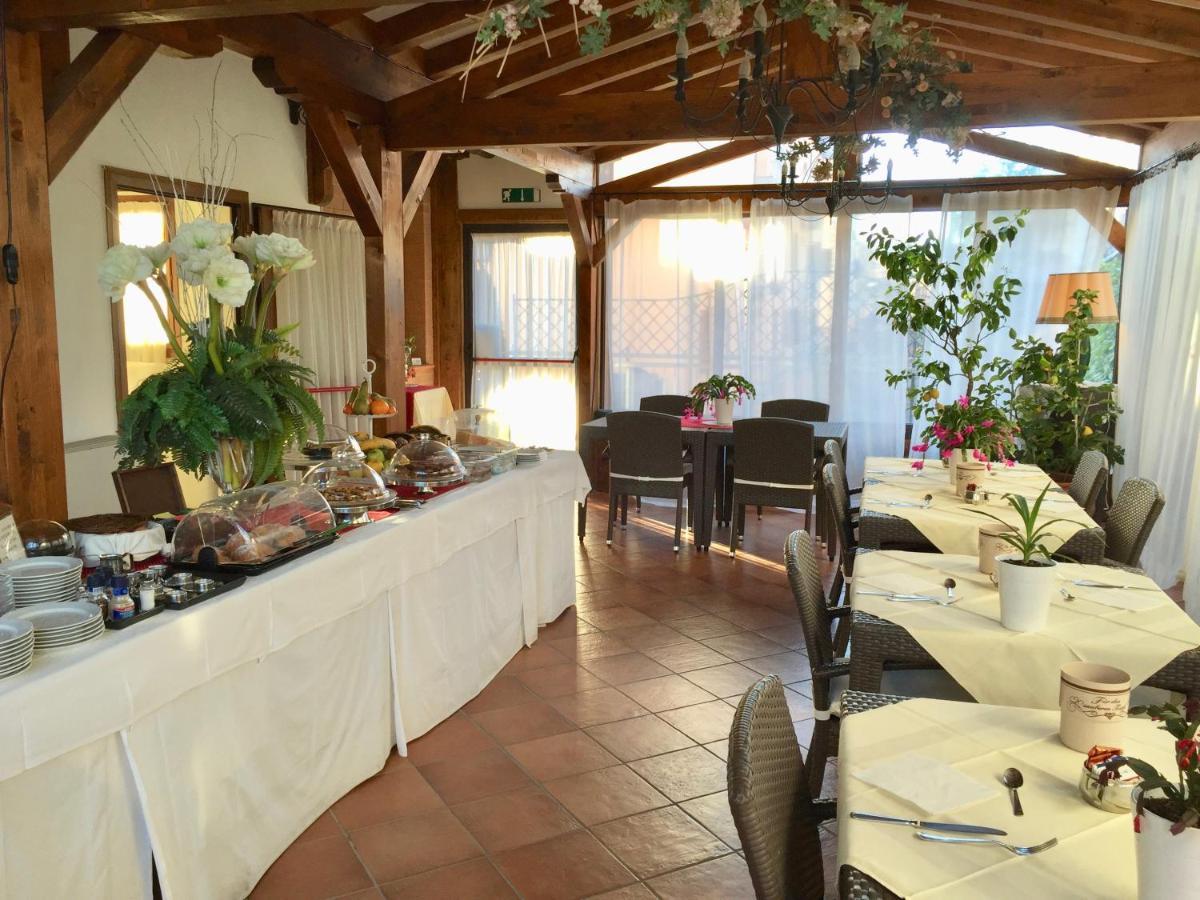 Hotel Ferro Di Cavallo Pavullo nel Frignano Buitenkant foto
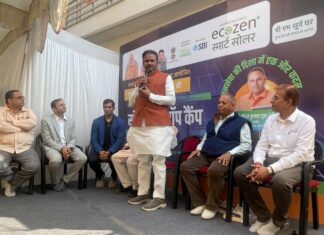 महापौर उमेशचंद्र गणेश केसरवानी ने इकोजेन सॉल्यूशंस द्वारा आयोजित सोलर सुविधा शिविर की सराहना की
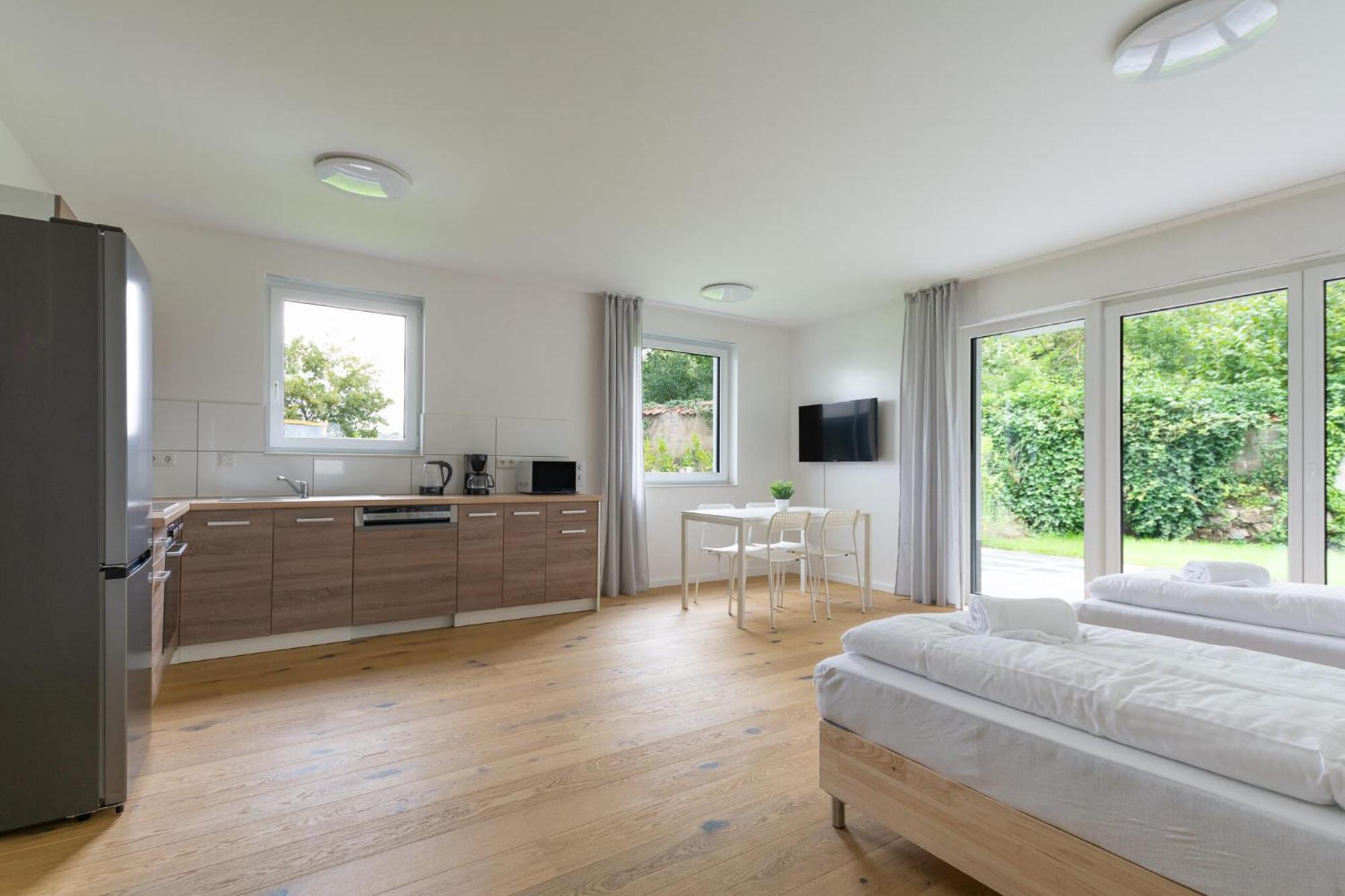 T&K Apartments - Bergisch Gladbach - 7 Comfortable Apartments - 20 Min To Fair Messe Cologne Bagian luar foto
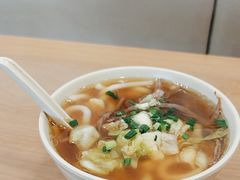 -佬钱湾仔(衣裳街店)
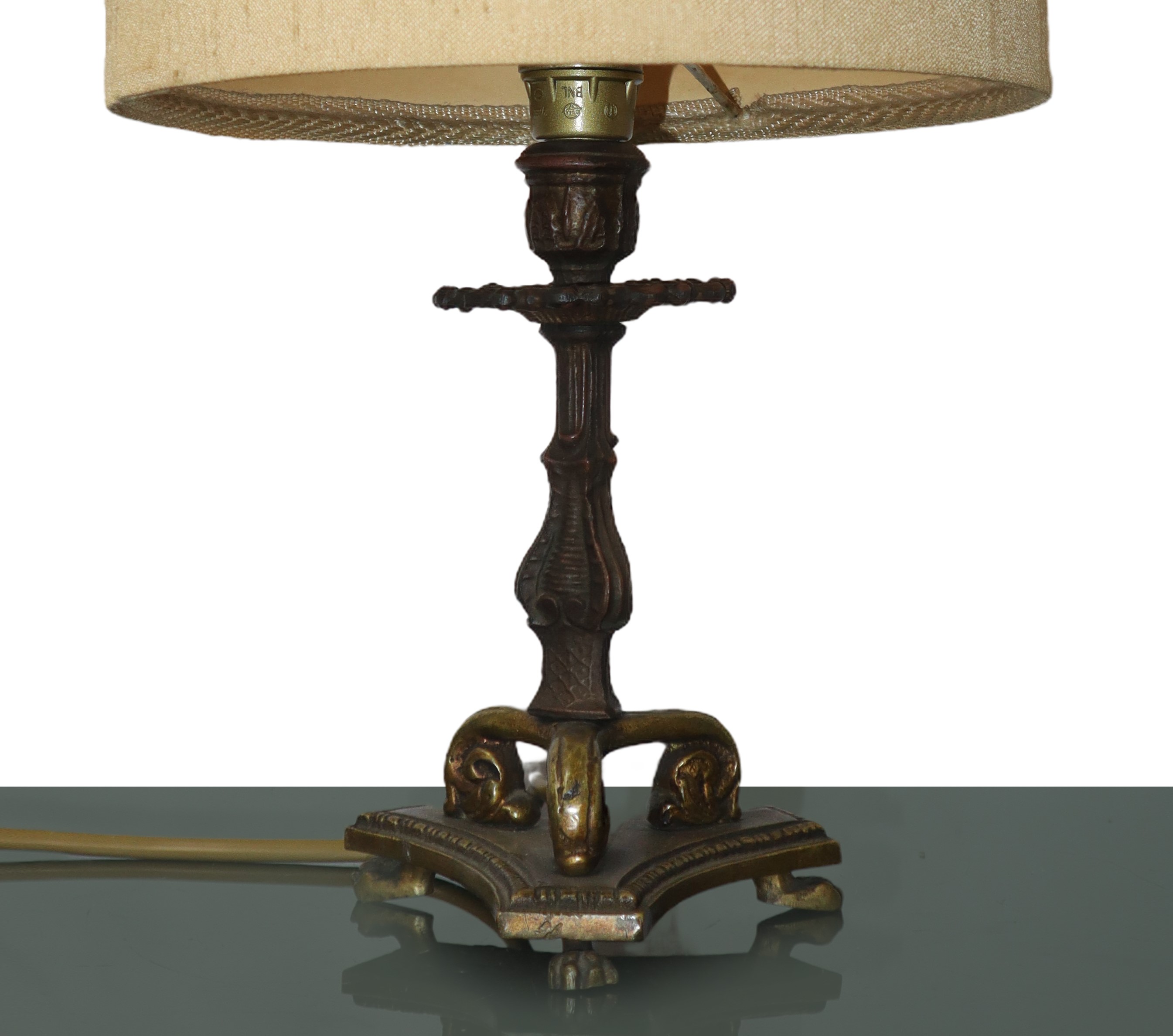 Lume con base tripode in ottone con paralume in stoffa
=-=-=
Nothing but the lines from the one containing "-佬钱湾仔(衣裳街店)" through the last line of the listing should be copied, each word for word and without pictures.

 -佬钱湾仔(衣裳街店)
 Lume con base tripode in ottone con paralume in stoffa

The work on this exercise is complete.